As the number of simulated reads (output) differed from the expected number (input) for three out of the six software packages (Supplementary Table S1), reads were simulated at a coverage higher than the desired 100×, mapped to the reference using BWA-MEM v.0.7.17 (with the “ -M” option to mark secondary hits) (Li 2013), and then down-sampled using an in-house script (finite_downsampler.py).

Advanced models

Complementing the built-in basic models, several tools are capable of creating advanced models that allow users to mimic the characteristics of their genomic datasets (Table 1). To evaluate the performance of simulators under these “more realistic” scenarios, a barcoded genome-scale library of S. cerevisiae previously sequenced on an Illumina NovaSeq 6000 (Arita et al. 2021) was downloaded from NCBI (accession number: SRR12684926), the 150 bp PE reads mapped to the reference using BWA-MEM v.0.7.17, and down-sampled to 100× coverage. Next, two custom advanced models were built from this dataset. First, a custom sequence error model was built from the sample using ISS (“iss model -b Sample.bam -o Model”) and then used to simulate 10 million 151 PE reads (“--model Model.npz”). Second, empirical distributions of fragment lengths (compute_fraglen.py) and GC-coverage bias (compute_gc.py) were calculated from the sample using NEAT and a custom sequence error model (genSeqErrorModel.py) built. Using these features from the real data, 151 bp PE reads were then simulated to a coverage of 240X (“gen_reads.py -r sacCer.fa -R ReadLength --pe -c Coverage --pe-model FragmentLength.p --gc-model GCBias.p -e SequenceErrorModel.p”). In both cases, simulated reads were mapped back to the reference and down-sampled to 100× coverage prior to calculating any summary statistics (see “Analyses”).

Analyses

To evaluate the performance of each read simulator, several tests were conducted:

To assess whether simulated reads were sampled uniformly across the genome, the proportion of reads mapping to each chromosome was determined (Supplementary Fig. S1). Coverage was calculated for each site in the genome using SAMtools depth v.1.9 (with the “-a” flag to include sites with no coverage) (Li et al. 2009) and 1.2 million sites (~10% of the genome) were randomly sampled 50 times to obtain means and standard deviations (Supplementary Fig. S2). In addition, the coverage of the first 2 kb of each chromosome was plotted using R v.4.0.2 (R Core Team 2021) (Supplementary Fig. S3).

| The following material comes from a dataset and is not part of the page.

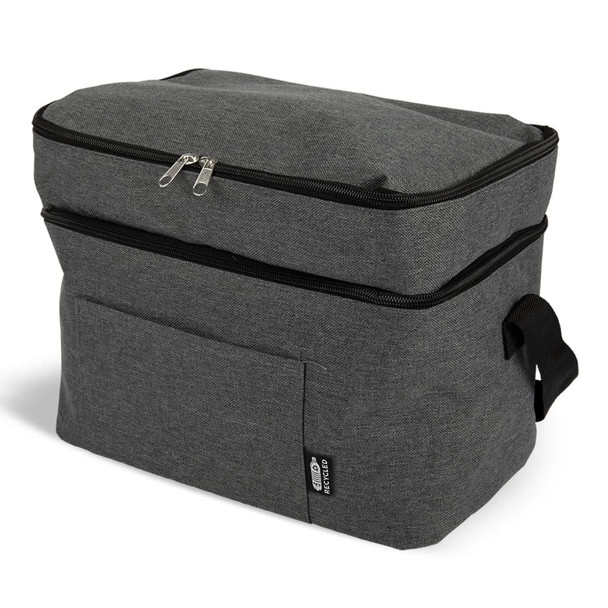 A grey insulated cooler bag with a zippered top and a front pocket, featuring a carry handle.
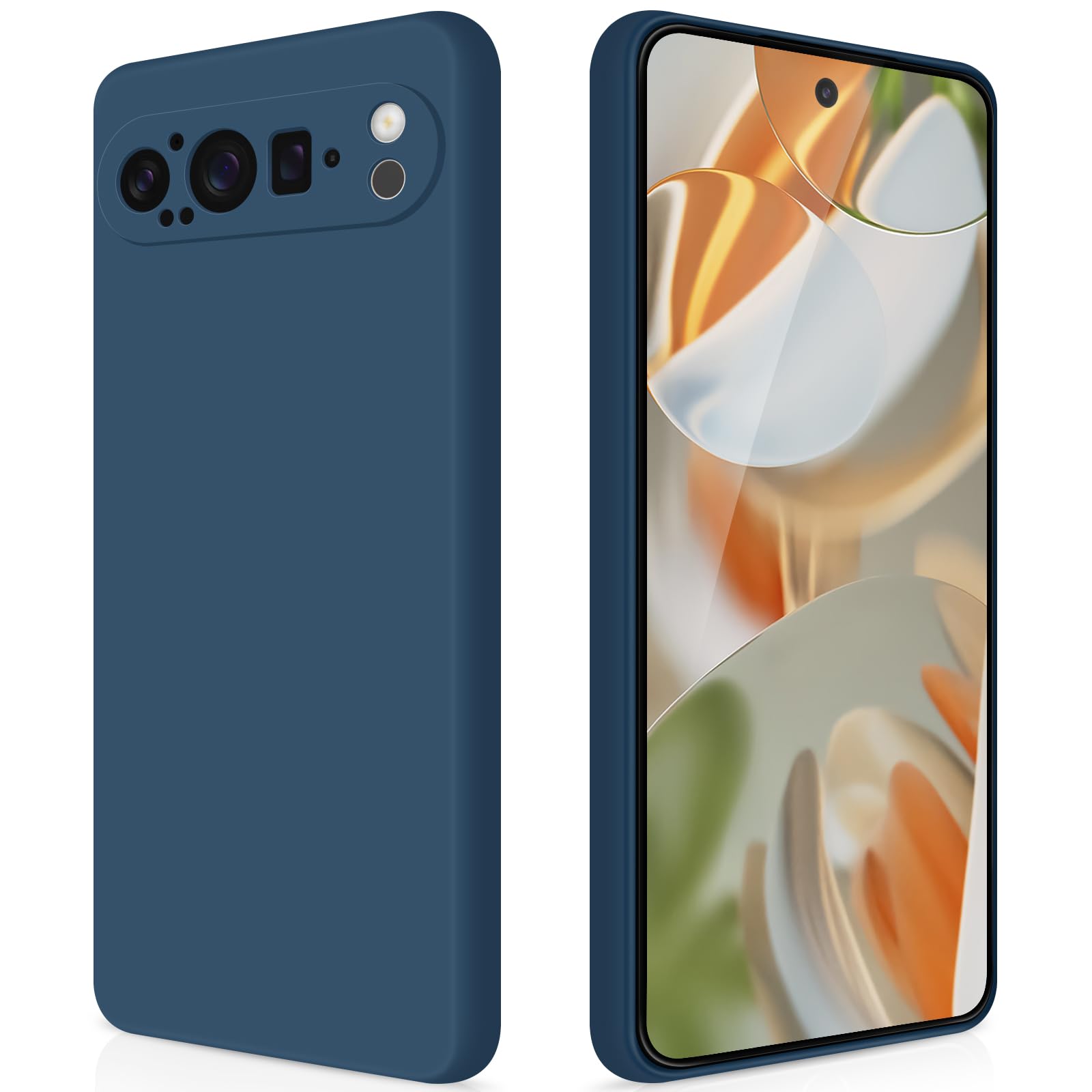 GiiYoon Case Compatible with Google Pixel 9 Pro, Silky-Soft Touch Full-Body Protective Phone Silicone Case, Shockproof Cover with Microfiber Lining, Blue — image 1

To assess whether simulated reads exhibit fragment lengths similar to those expected from genuine Illumina sequencing data, paired-end fragment length distributions were calculated using an in-house script (fraglength_dist.py) and plotted using R v.4.0.2 (Fig. 1).

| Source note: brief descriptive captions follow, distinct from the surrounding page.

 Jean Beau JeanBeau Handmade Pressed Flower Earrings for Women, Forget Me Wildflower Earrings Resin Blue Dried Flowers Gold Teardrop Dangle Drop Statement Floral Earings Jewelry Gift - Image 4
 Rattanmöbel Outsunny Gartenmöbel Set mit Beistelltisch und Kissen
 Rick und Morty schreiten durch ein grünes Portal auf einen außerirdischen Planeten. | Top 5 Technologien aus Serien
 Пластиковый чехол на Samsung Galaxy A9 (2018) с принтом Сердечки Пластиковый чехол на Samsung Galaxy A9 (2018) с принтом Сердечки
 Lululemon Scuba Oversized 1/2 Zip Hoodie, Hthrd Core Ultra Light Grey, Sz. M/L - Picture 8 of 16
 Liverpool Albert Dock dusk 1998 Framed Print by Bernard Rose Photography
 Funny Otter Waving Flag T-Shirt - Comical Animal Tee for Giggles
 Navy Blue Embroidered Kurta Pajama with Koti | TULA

**Fig. 1: Fragment length distribution of simulated reads.**

To assess alignment quality, read mapping statistics were calculated using SAMtools flagstat v.1.9 (Supplementary Table S2). In addition, ART, Mason, and NEAT can generate a “golden” (ground truth) set of aligned reads that indicates the regions sampled from the reference assembly which allowed for the calculation of substitution, insertion, and deletion rates and associated quality scores from the simulated data using an in-house script (find_sequencing_errors.py) (Supplementary Table S3; Supplementary Figs. S4 and S5). Overall quality scores for reads were calculated with FastQC v.0.11.7 (Andrews 2010) and plotted using MultiQC v.1.13.dev0 (Ewels et al. 2016) (Supplementary Fig. S6).

To assess whether simulated reads faithfully mimic the GC-coverage bias observed in real Illumina data, the GC content of the reference genome was calculated in non-overlapping 1 kb windows, compared against the scaled depth of coverage (i.e., the depth of a window divided by the average genome depth) of the simulated data, and a linear line of best fit plotted using R v.4.0.2 (Fig. 2).

To evaluate computational costs, single- and (if available) multi-threaded benchmarks (n = 12) were performed on identical Intel® Xeon® CPU E5-2680 v4 @ 2.40 GHz nodes. Specifically, wall clock time and peak memory were determined using the Unix “time” command and the efficiency script (“seff”) built-in the SLURM workload manager (Yoo et al. 2003), respectively (Fig. 3).

**Fig. 3: Benchmarking of read simulations.**

Results

The performance of six popular short-read simulators was assessed by comparing several characteristics of the generated synthetic reads with those of an empirical Illumina sequencing dataset containing a barcoded genome-scale library of S. cerevisiae. For this purpose, reads were simulated with DWGSIM, ISS, Mason, NEAT, and wgsim under three basic models with and without GC-bias (ISS only) using read lengths of 126 bp (HiSeq), 151 bp (NovaSeq), and 301 bp (MiSeq) as well as under a custom advanced model built from the real data (ISS and NEAT). In addition, reads were simulated with ART under five built-in Illumina platform models of similar read length: HiSeq 2500 (125 and 150 bp), HiSeqX PCR-free (150 bp), HiSeqX TruSeq (150 bp), MiSeq v.1 (250 bp), MiSeq v.3 (250 bp).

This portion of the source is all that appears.